The problem:
Read the data below. Every line holding the string "Printed" must be copied.

Supplied entries:
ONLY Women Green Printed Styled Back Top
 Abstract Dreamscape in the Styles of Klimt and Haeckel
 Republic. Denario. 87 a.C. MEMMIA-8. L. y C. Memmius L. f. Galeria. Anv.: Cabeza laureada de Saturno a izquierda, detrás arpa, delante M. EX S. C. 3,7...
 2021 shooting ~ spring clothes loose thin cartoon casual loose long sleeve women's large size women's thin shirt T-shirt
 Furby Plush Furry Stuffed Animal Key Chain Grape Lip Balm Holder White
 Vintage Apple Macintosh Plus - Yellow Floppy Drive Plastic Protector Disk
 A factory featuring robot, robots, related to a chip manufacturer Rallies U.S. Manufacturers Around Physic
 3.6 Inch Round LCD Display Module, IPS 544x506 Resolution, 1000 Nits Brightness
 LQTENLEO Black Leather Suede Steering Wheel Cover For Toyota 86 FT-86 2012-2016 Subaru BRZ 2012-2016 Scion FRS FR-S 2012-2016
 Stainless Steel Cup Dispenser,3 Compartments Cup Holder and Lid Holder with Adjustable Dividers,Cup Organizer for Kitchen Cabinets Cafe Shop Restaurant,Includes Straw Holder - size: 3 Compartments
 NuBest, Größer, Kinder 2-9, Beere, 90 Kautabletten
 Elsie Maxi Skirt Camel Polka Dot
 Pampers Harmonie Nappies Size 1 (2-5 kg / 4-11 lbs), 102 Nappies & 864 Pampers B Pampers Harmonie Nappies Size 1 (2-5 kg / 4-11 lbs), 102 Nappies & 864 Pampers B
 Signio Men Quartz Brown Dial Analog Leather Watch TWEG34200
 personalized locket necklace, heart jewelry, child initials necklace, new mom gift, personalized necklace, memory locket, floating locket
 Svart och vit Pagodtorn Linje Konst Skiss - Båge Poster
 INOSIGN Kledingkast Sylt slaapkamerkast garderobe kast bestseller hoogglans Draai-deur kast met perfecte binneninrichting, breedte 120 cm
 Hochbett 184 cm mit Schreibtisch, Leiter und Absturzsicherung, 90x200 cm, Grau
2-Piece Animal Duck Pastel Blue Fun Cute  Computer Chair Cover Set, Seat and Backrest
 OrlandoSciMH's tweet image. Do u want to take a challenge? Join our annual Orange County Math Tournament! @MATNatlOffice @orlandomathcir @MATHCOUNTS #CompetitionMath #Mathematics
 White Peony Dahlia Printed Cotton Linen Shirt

Written solution:
ONLY Women Green Printed Styled Back Top
 White Peony Dahlia Printed Cotton Linen Shirt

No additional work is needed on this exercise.